La camisa impoluta y perfectamente planchada de Sánchez Peláez, los cinturones, la ropa de oficina y, sobre todo, los zapatos y los calcetines indican que el trío acaba de llegar al mar. Solo el artista plástico Régulo Pérez lleva la camisa desceñida y ha tenido la precaución de remangarse los ruedos de los pantalones antes de tenderse en la arena. Mateo Manaure, en cambio, parece que hubiera salido un momento de un bufete o algún despacho para ir un momento a la orilla del mar donde un leño empujado por la marea ha sido dispuesto por Mario Abreu de manera que parezca una escultura suya. En unas semanas marchará a París, quién sabe si este viaje a Naiguatá fue una rumbosa despedida que le tributaron sus compañeros.

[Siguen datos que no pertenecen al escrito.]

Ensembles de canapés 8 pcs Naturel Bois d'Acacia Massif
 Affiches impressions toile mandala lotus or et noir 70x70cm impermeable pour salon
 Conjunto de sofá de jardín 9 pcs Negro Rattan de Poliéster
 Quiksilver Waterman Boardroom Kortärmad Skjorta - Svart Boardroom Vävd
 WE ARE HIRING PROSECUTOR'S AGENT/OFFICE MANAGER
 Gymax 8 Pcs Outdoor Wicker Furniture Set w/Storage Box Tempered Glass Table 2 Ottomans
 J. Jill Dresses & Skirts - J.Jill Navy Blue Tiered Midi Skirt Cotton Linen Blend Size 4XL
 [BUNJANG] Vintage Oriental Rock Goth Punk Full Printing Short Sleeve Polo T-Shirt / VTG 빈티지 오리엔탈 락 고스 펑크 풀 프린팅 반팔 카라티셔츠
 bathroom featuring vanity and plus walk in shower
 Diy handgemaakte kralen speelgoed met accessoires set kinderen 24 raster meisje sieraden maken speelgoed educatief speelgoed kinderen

Absorto en sus pensamiento, quién sabe si trabado en la urdimbre de un verso, Sánchez Peláez no participa en la escena teatral que se han montado sus amigos. Con un casco de cabello untuoso que el ventarrón no desordena, Mateo Manaure le ofrece algo… un yesquero, una caja de fósforos… a un Régulo Pérez que se lleva la mano al corazón en gesto dramático que la sonrisa contradice: es un héroe, un galán con espejuelos abatido en un ataque de buen humor.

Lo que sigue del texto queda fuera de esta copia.